Pmodel <- glm(M2 ~ M + X, data = data, family = binomial("logit"))
summary(Pmodel)


## construct a-posteriori probabilities from Pmodel

P <- predict(Pmodel, newdata = data, type = "response")
P <- cbind(1 - P, P)
dimnames(P)[[2]] <- c("M0", "M1") ## speaking names


## estimate misclassGLM

Yneu <- matrix(rep.int(0, nrow(data) * 3), ncol = 3)
for (i in 1:nrow(data)) Yneu[i, data$Y[i]] <- 1
est <- misclassMlogit(Y = Yneu,
                      X = as.matrix(data[, 2, drop = FALSE]),
                      setM = matrix(c(0, 1), nrow = 2),
                      P = P)
summary(est)


## and bootstrapping the results from dataset
## Not run: 
summary(boot.misclassMlogit(est,
                         Y = Yneu,
                         X = data.matrix(data[, 2, drop = FALSE]),
                         Pmodel = Pmodel,
                         PX = data,
                         repetitions = 100))

## End(Not run)

Predict Method for misclassGLM Fits

Description

Obtains predictions

Usage

## S3 method for class 'misclassGLM'
       ## S3 method for class 'misclassGLM'
predict(object, X, P = NULL, type = c("link", "response"),
                                     na.action = na.pass, ...)

Arguments

object

a fitted object of class inheriting from 'misclassGLM'.

X

matrix of fixed covariates

P

a-posteriori probabilities for the true values of the misclassified variable.

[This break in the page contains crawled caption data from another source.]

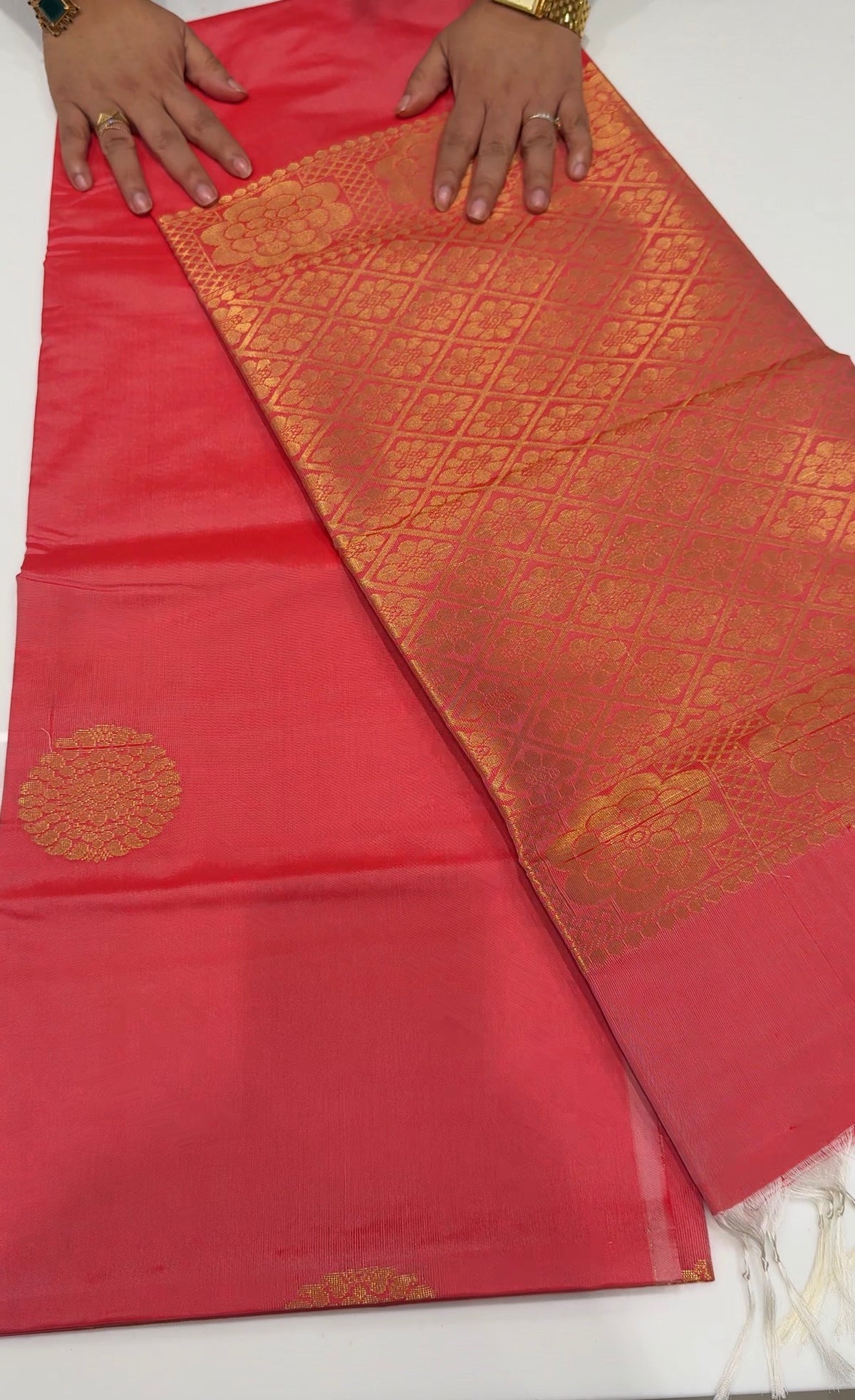 OFFER SALES SAREES - IHA 35439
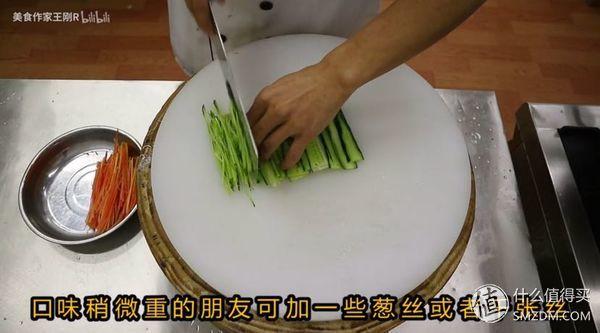 宽油是什么意思，宽油是什么（看完100集美食作家王刚）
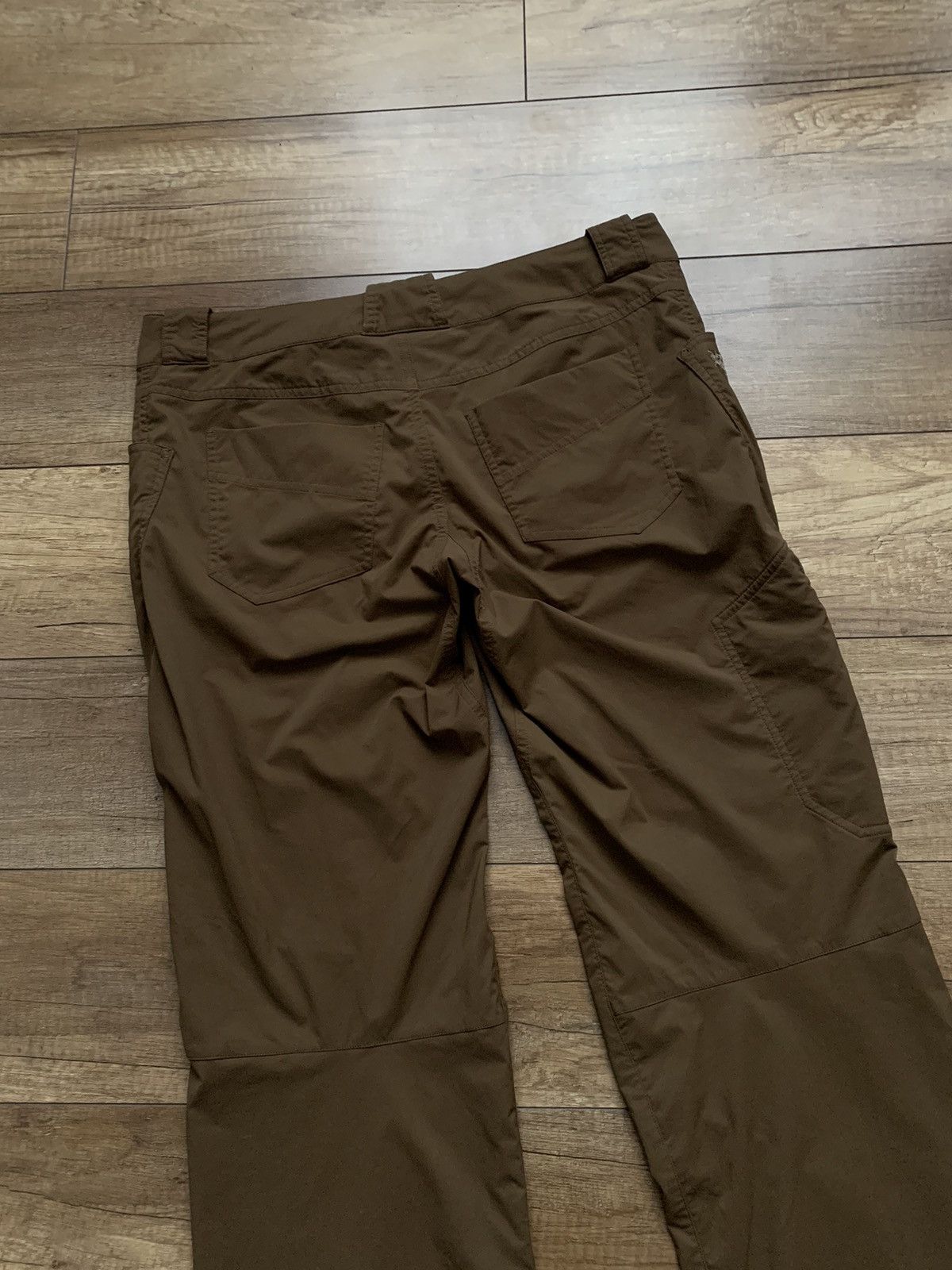 Arc'teryx Arcteryx Brown Nylon Pants Womens Vintage Size 32" / US 10 / IT 46 - 9 Thumbnail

If provided, the conditional expectation on X,P is computed, otherwise a set of marginal predictions is provided, one for each alternative.

type

the type of prediction required. The default is on the scale of the linear predictors; the alternative "response" is on the scale of the response variable. Thus for a default binomial model the default predictions are of log-odds (probabilities on logit scale) and type = "response" gives the predicted probabilities.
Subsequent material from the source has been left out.